Required action ::
Leaving out all pictures, restate word for word the lines from the one with "A realistic depiction" through the last line of the entries.

Dataset extract ::
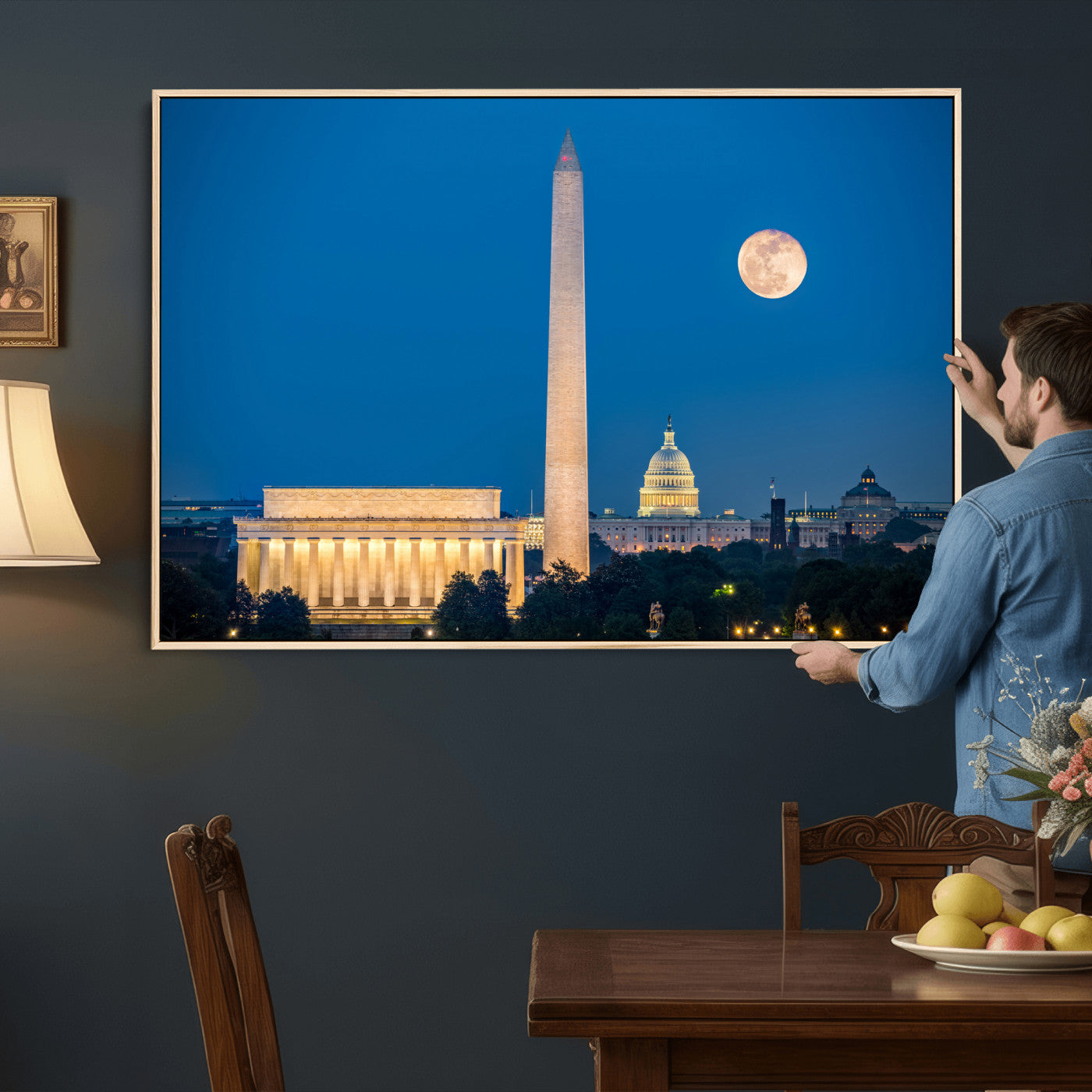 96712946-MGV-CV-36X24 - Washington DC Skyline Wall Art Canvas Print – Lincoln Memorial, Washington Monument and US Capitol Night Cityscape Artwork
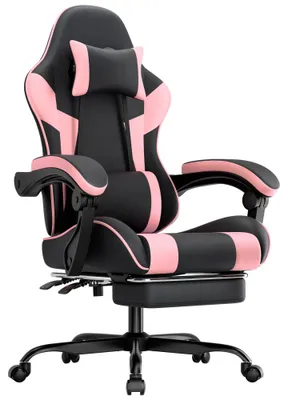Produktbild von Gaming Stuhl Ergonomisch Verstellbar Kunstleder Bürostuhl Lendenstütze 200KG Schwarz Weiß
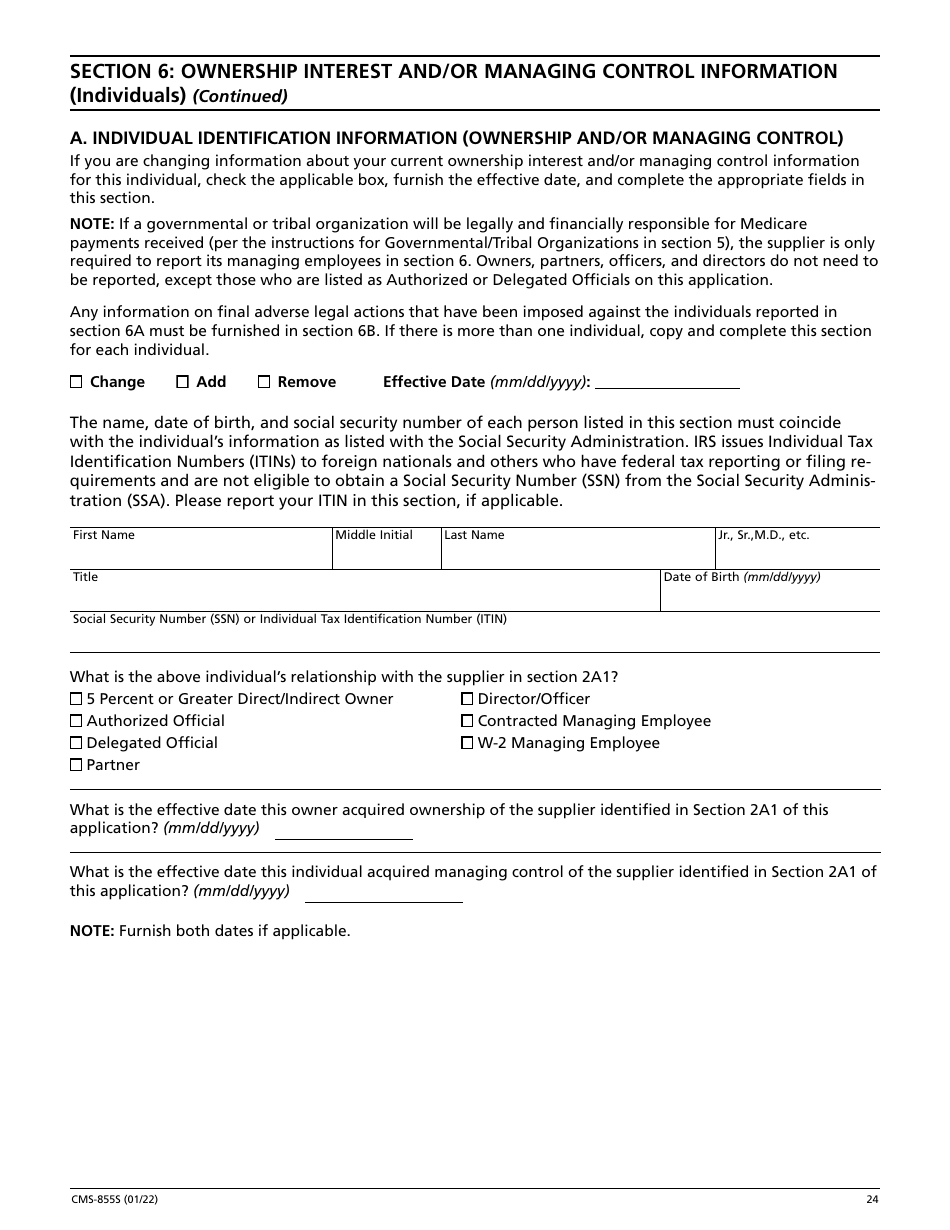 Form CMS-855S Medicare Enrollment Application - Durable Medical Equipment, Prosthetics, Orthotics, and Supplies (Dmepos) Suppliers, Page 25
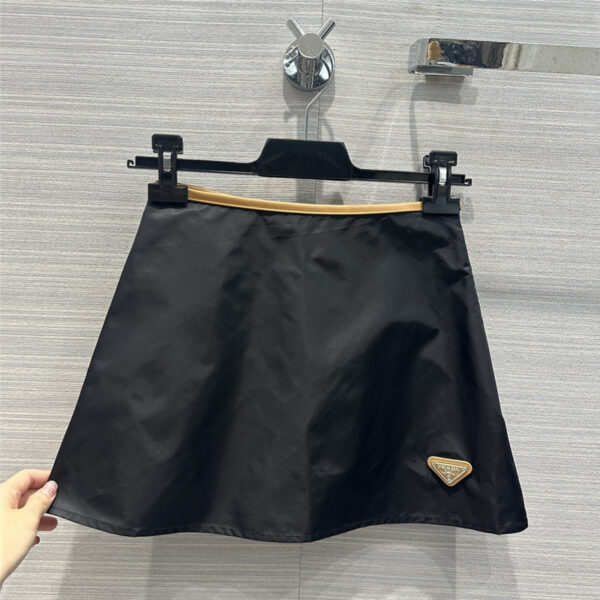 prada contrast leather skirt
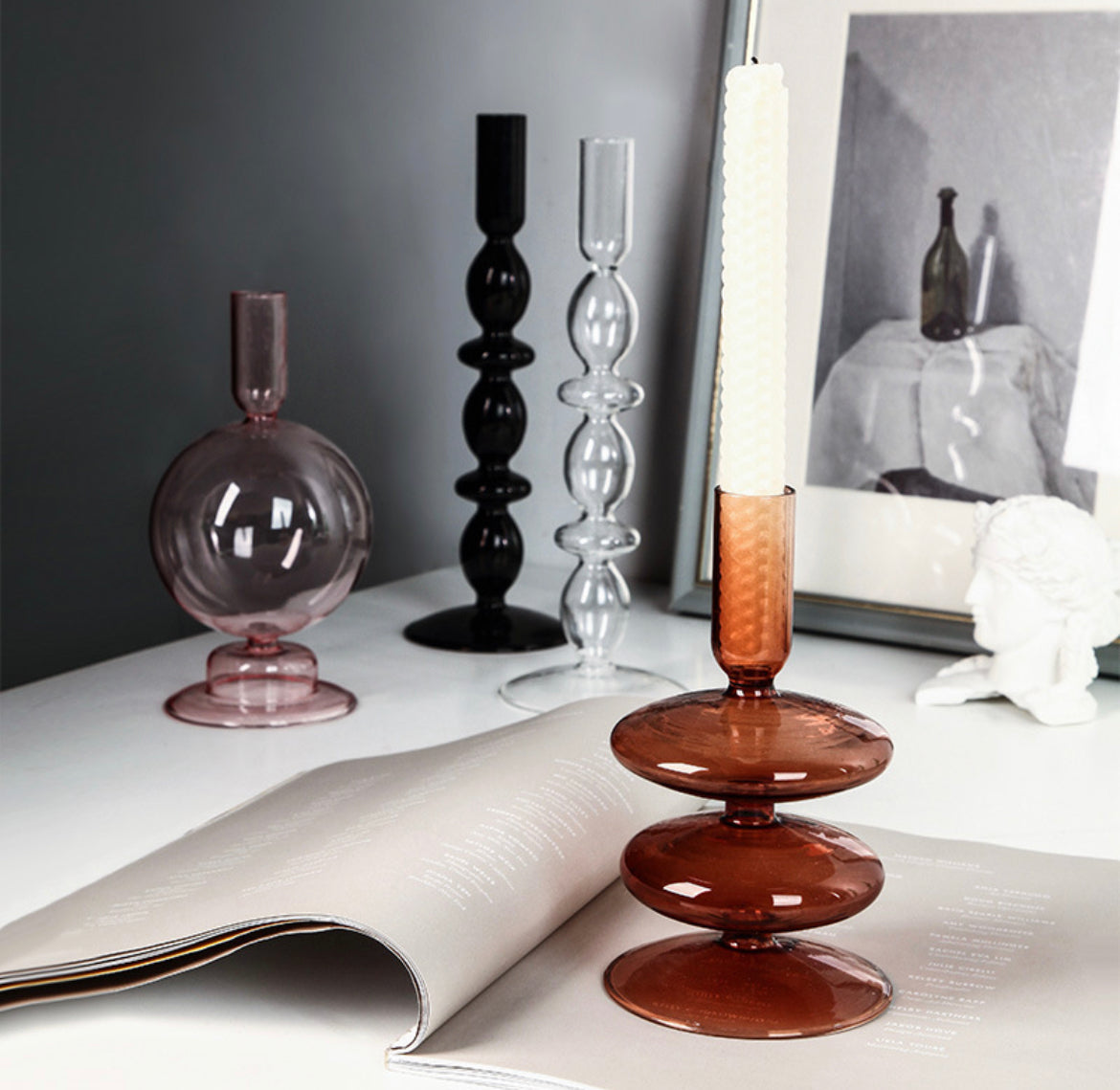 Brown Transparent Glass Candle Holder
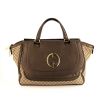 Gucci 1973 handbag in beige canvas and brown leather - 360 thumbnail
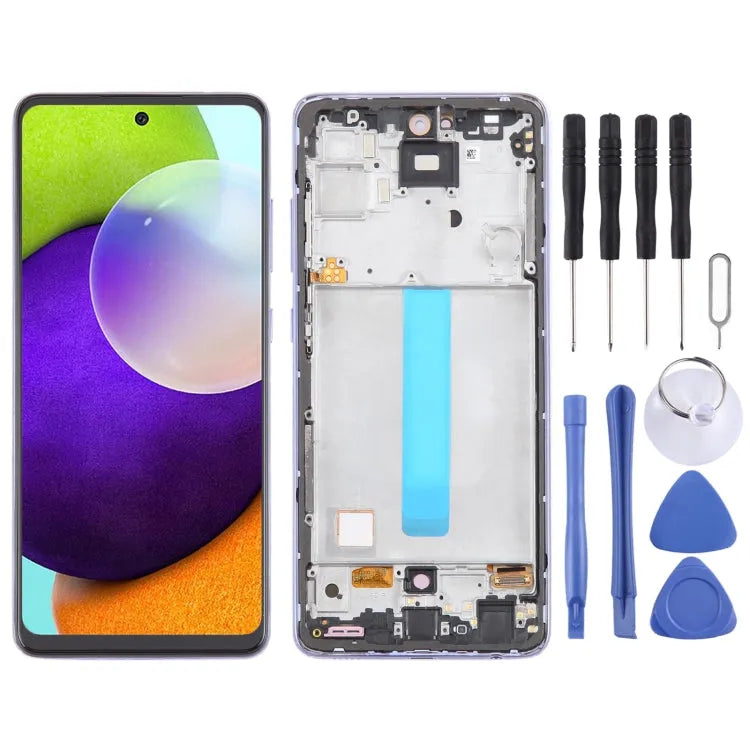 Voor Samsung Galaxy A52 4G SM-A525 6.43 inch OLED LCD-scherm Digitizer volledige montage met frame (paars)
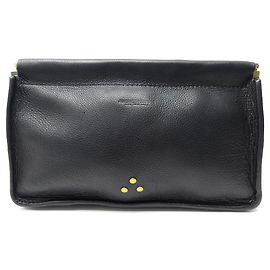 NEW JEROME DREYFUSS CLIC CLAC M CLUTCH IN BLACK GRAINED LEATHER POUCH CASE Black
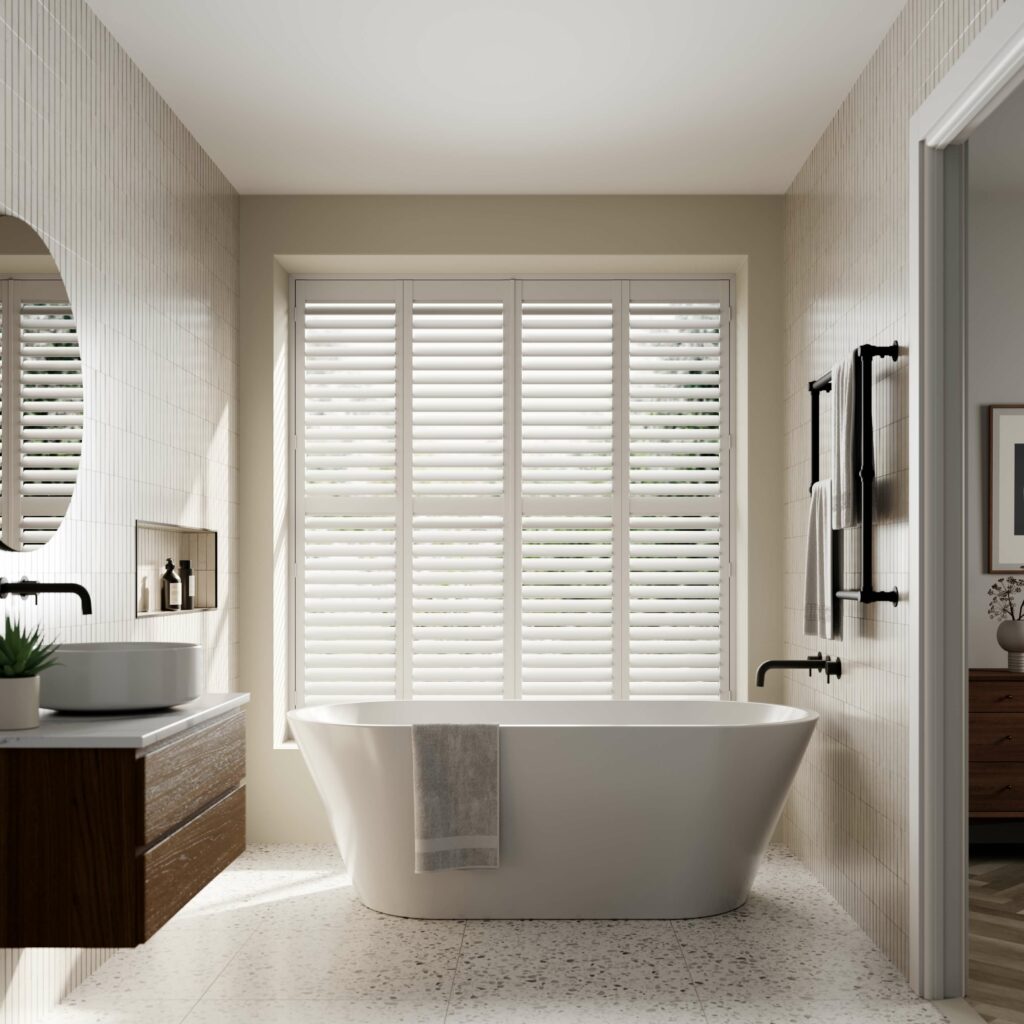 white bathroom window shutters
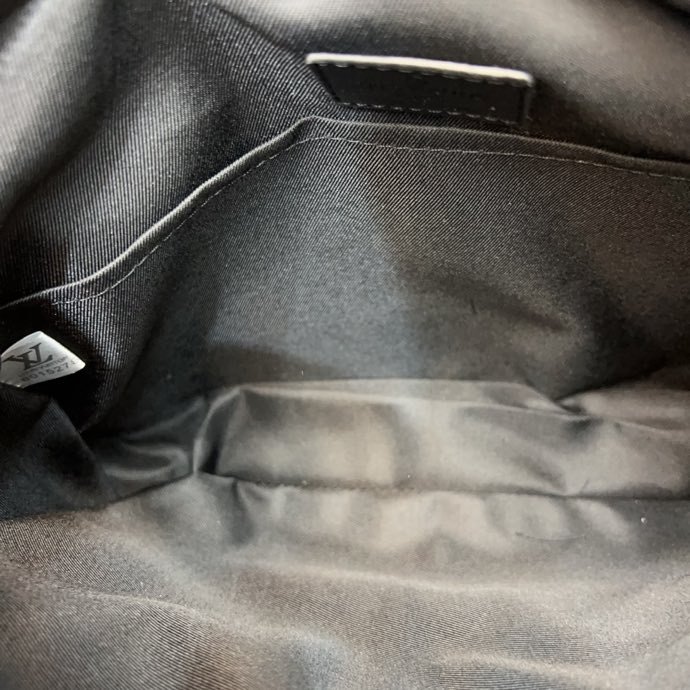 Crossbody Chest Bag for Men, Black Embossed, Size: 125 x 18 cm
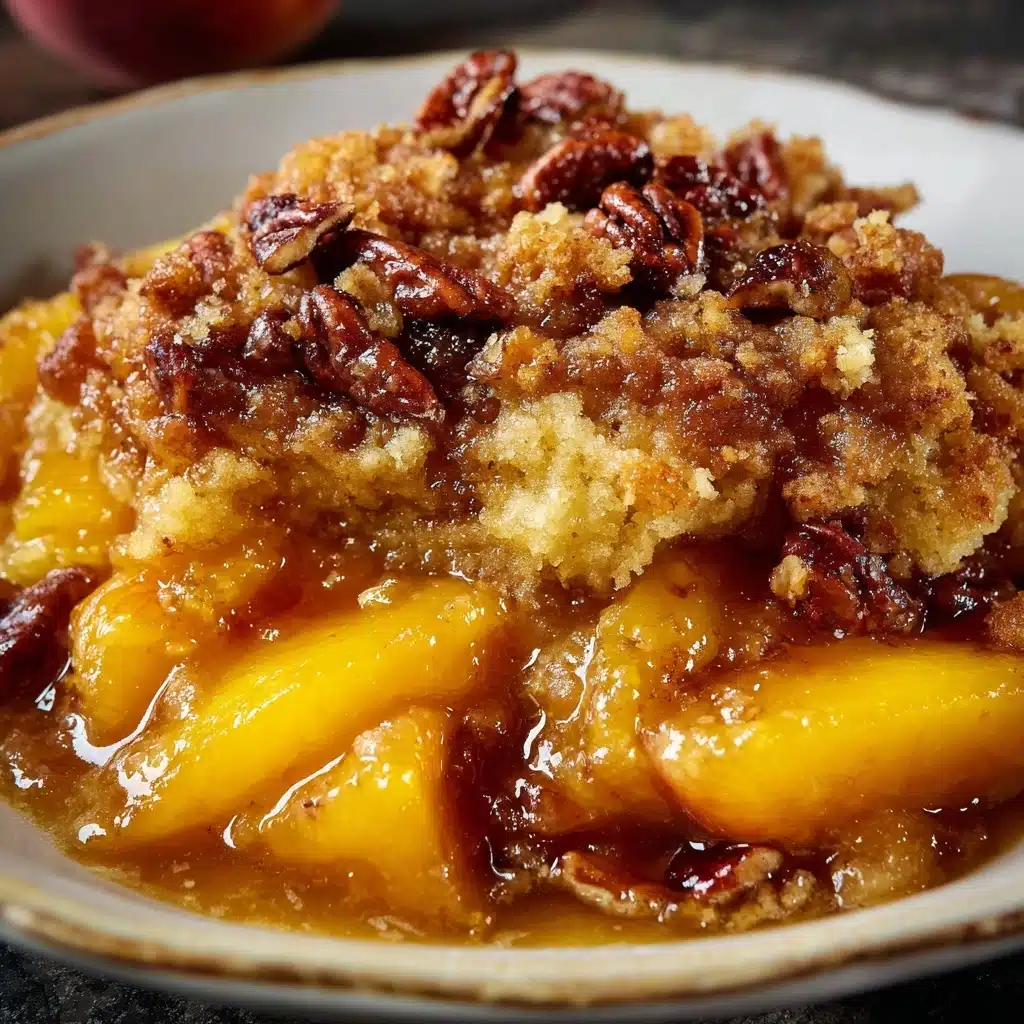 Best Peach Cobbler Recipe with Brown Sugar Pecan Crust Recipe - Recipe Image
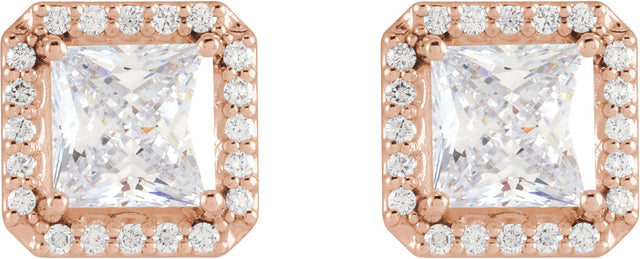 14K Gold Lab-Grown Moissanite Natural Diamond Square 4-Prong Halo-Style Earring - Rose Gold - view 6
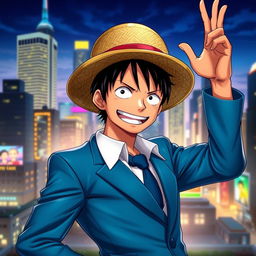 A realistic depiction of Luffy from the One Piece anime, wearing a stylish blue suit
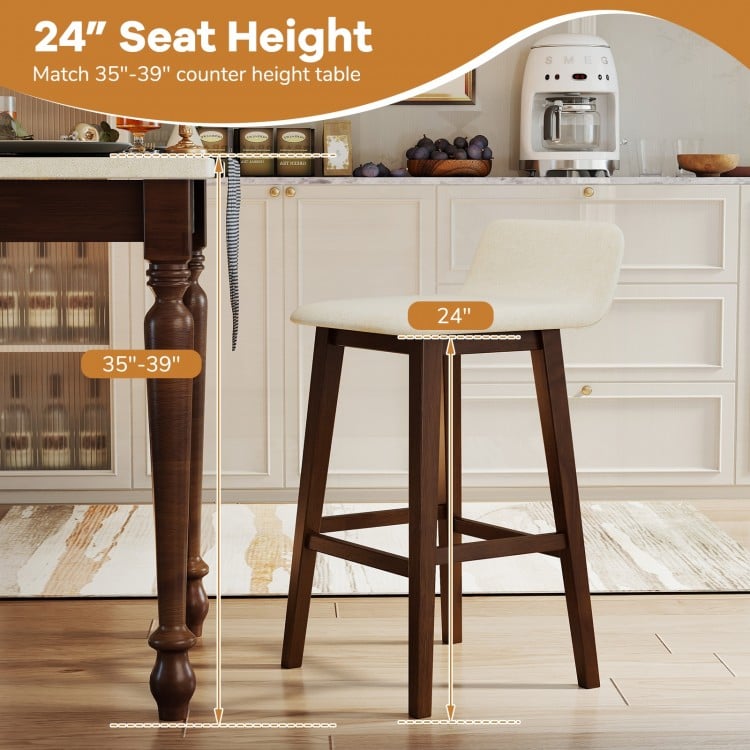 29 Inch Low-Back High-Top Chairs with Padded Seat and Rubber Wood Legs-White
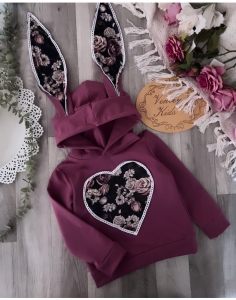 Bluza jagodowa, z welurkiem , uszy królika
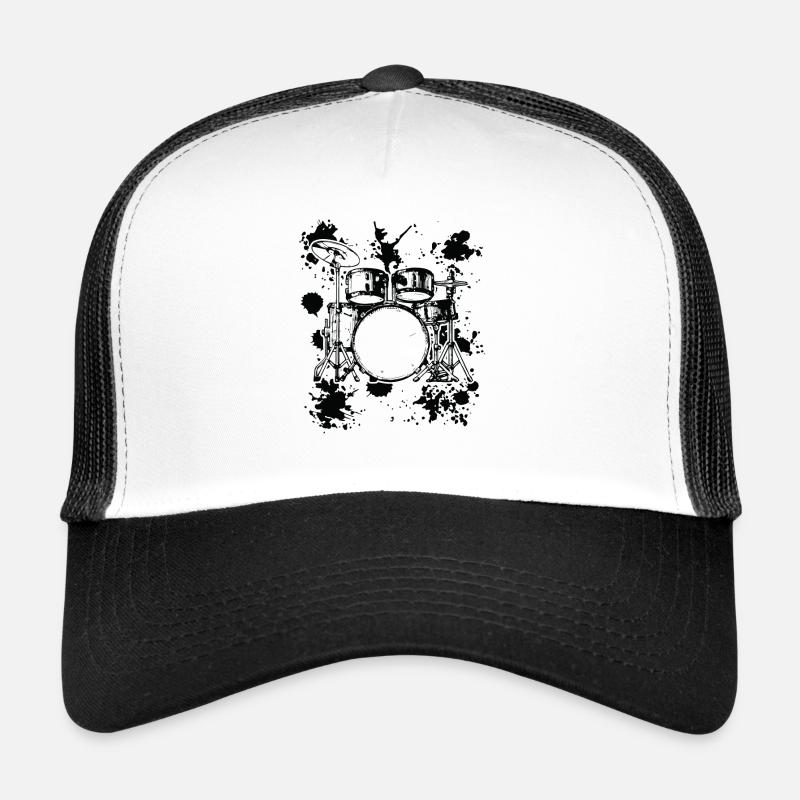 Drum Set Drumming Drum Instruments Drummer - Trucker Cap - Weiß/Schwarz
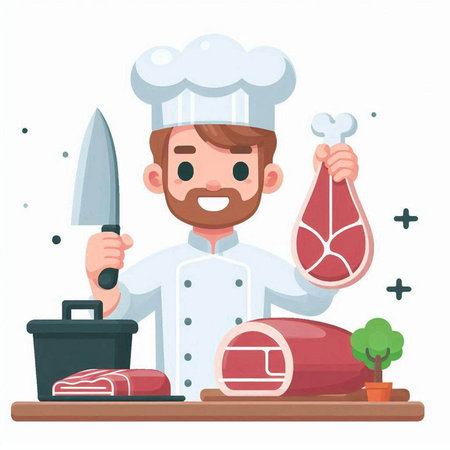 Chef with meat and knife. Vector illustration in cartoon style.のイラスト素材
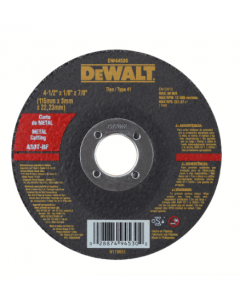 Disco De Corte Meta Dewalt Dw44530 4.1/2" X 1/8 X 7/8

Answer section ::
 A realistic depiction of Luffy from the One Piece anime, wearing a stylish blue suit
 29 Inch Low-Back High-Top Chairs with Padded Seat and Rubber Wood Legs-White
 Bluza jagodowa, z welurkiem , uszy królika
 Drum Set Drumming Drum Instruments Drummer - Trucker Cap - Weiß/Schwarz
 Chef with meat and knife. Vector illustration in cartoon style.のイラスト素材
 Disco De Corte Meta Dewalt Dw44530 4.1/2" X 1/8 X 7/8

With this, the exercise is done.